Karen steadfastly avoided his mood and tried a lighter tack, "We'll get even with her. I don't know about you, but I am feeling rather determined, actually. I made a complete fool of myself when I met with you last, and I blame her." She was blathering on now, she knew. But he had smiled encouragingly, so she found she couldn't stop. "I was rather hoping to see you again to plot our revenge." She forced herself to take a sip of her coffee and slow down. "I feel guilty now, though. I didn't mean for the fates to deliver you here like this," she said indicating the wet state of him.
He ducked his head a second, reconsidering the anger he'd felt at the way Laura had handled his appearance. It didn't seem to matter any more really.
"You've been a big help tonight. I really appreciate it," Lewis told her as he looked back up at her. He took some solace in hiding behind his coffee then, as well.
"You look like it's been a rough night," she ventured softly.
"Fairly horrid, yes." Normally he would have stopped there. But something about this woman, about her open expression, and the easy way she listened, compelled him to offer up more. "Frankly, I'm beat. It took forever to get the body extracted from where we found it and get it here." He dragged a hand through his wet hair. "The crime scene is nothing short of a marsh. At the bottom of a ruddy hill. And I have to worry that the same person is responsible for two murders now... and that I don't know who it is."
"You'll figure it out. I hear you are an awfully smart man," she said with a gentle smile.
"Mother, lab manager, and cheer leader, all in one?" he taunted as he drained his coffee.
"And partner in revenge, don't forget." She wondered what to do next... how to actually connect with him beyond these bland, superficial pleasantries. And she wondered where this compulsion to get to know this man suddenly came from. "You can call me, if plotting against Laura would make for a good distraction," she heard herself say. She reached into her scrubs and fumbled with a small notebook. Her nerves were making things difficult suddenly. She wrote out her number for him as neatly as her traitorous hands would allow. "This is not a pick up line. And this isn't an assignment from Laura. I swear. Because I'm gonna tell her to pack in all that advice. I think I'll tell her you broke my heart already. That should throw her." She put the number down on top of the report cover.

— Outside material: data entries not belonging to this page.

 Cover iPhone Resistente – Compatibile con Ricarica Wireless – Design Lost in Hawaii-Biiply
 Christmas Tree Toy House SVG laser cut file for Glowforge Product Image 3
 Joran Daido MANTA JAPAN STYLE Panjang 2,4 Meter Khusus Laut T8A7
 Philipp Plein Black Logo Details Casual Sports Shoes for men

He was speechless suddenly. It wasn't that no woman had approached him since Val had died. It was that this did not seem at all like the empty sort of attention the other women had offered up in the hopes of a bit of company.

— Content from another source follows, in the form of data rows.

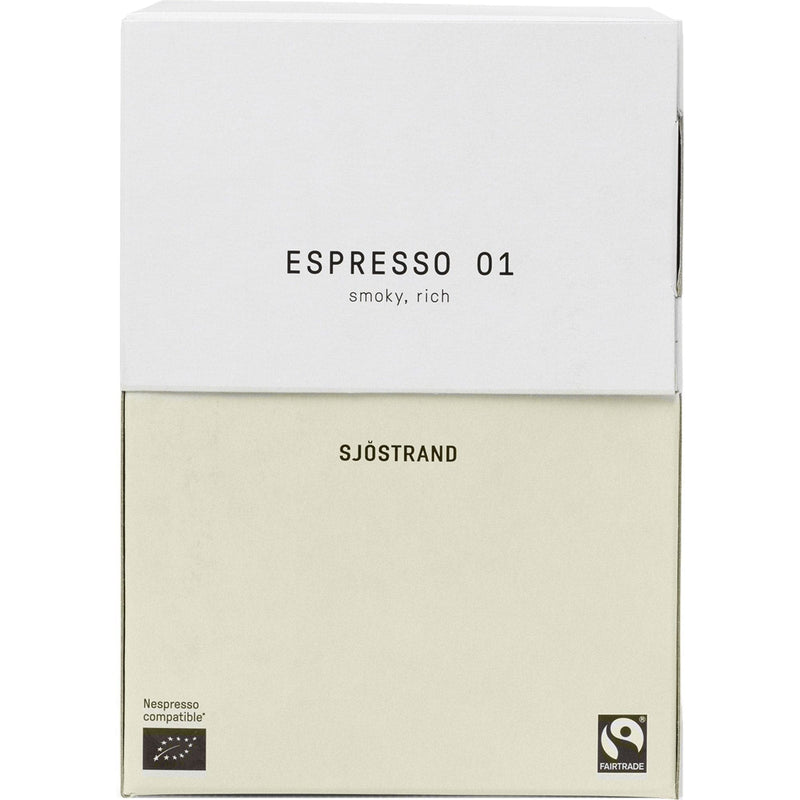 Se Sjöstrand N°1 Espressokapsler, 100 stk. ✔ Stort online udvalg i Sjöstrand ✔ Hurtig levering: 1 - 2 Hverdage samt billig fragt - Varenummer: KTO-C1C og barcode / Ean: &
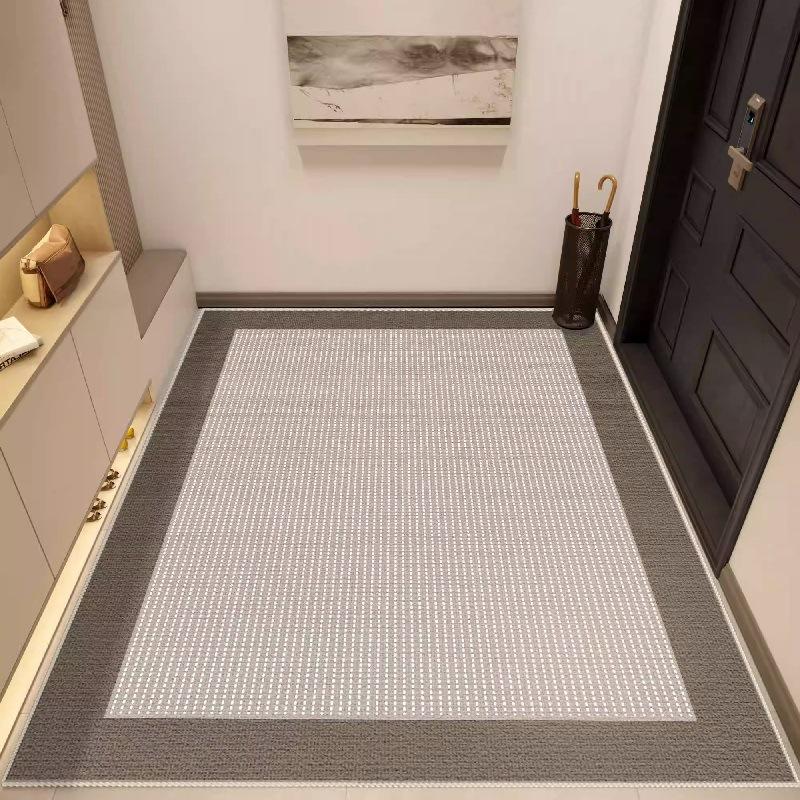 S Dirt-Resistant, Washable, Light Luxury Entrance Door Mat, Anti-Slip Foot Mat, Customizable Door Carpet, Home Decoration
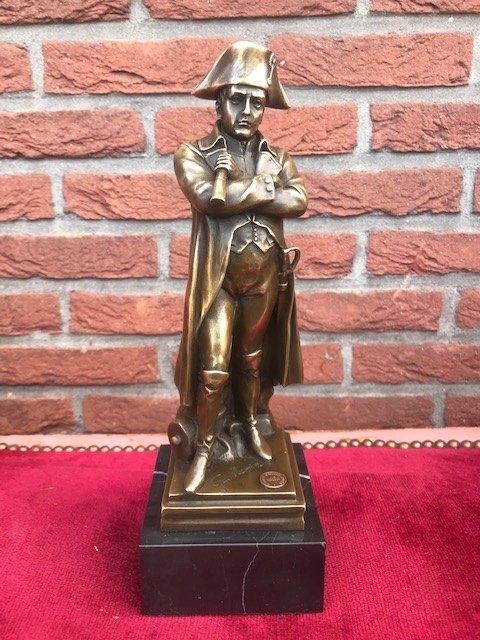 mooi bronzen karakterbeeld van Napoleon Bonaparte, Antiek en Kunst, Antiek | Koper en Brons, Brons, Ophalen of Verzenden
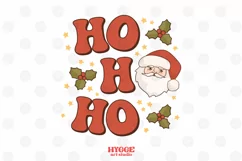 Ho Ho Ho Sublimation | Retro Christmas PNG | Groovy Santa Product Image 1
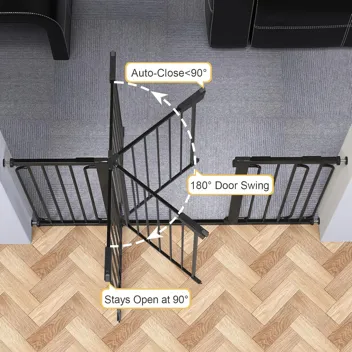 Cumbor 29.7-46" Baby Gate for Stairs (Save 27%)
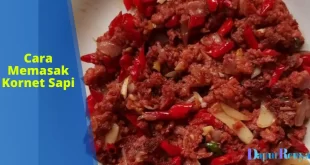 Cara Memasak Kornet Sapi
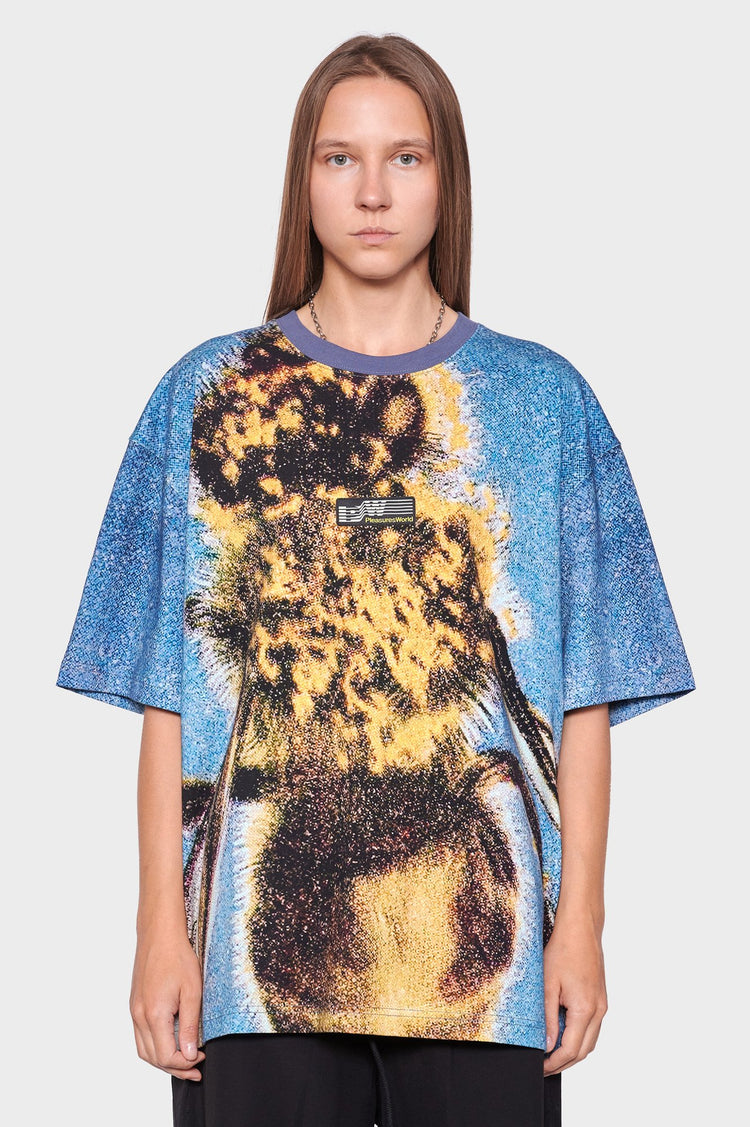 women#@Футболка HONEYBEE блакитна, купити онлайн в магазині.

He wondered what it meant, and he decided to test it. He stood and shook out his coat before putting it on. He tried to make his words sound casual then. "Your phone must be ringing off the hook if you give every sour policeman you meet your number with the offer of talking."
She shrugged a tad uncomfortably. "I don't give it out, really," she said standing now, too.
He nodded in reply, and they both backed away to head in their separate directions.
/ / / / / / /
Once outside, Lewis pulled open the car door and slid in next to Hathaway. He shook the rain off the report cover and then pulled Karen's number out from under his thumb. He carefully tucked it inside his wallet.
"Something you don't want to lose, sir?" the detective sergeant asked as he nodded toward where the older man had stashed the note.
"A lovely woman just gave me her phone number. Perhaps going about wet and looking like hell had to pay off at some point. Some maternal instinct gets triggered."
"An older woman then, sir?"
"No, younger. Well, than me. And lovely."
"You've said 'lovely' twice now," his sergeant reminded him, a tad cheekily.
"Just drive the car, man," Lewis complained.
Hathaway considered the faraway look on his boss' face and then finally put the car into drive. The younger man shook his head. "You managed a telephone number on your way to a morgue? In the middle of the night? It doesn't seem... well, fair."
"What has fair ever had to do with women? Just because you have no luck ..." Robbie said, trying to rise to the conversation. He did his best then to look smug, but he felt more confused than anything else. He pointed at the wind screen. "Back to the station, Sergeant."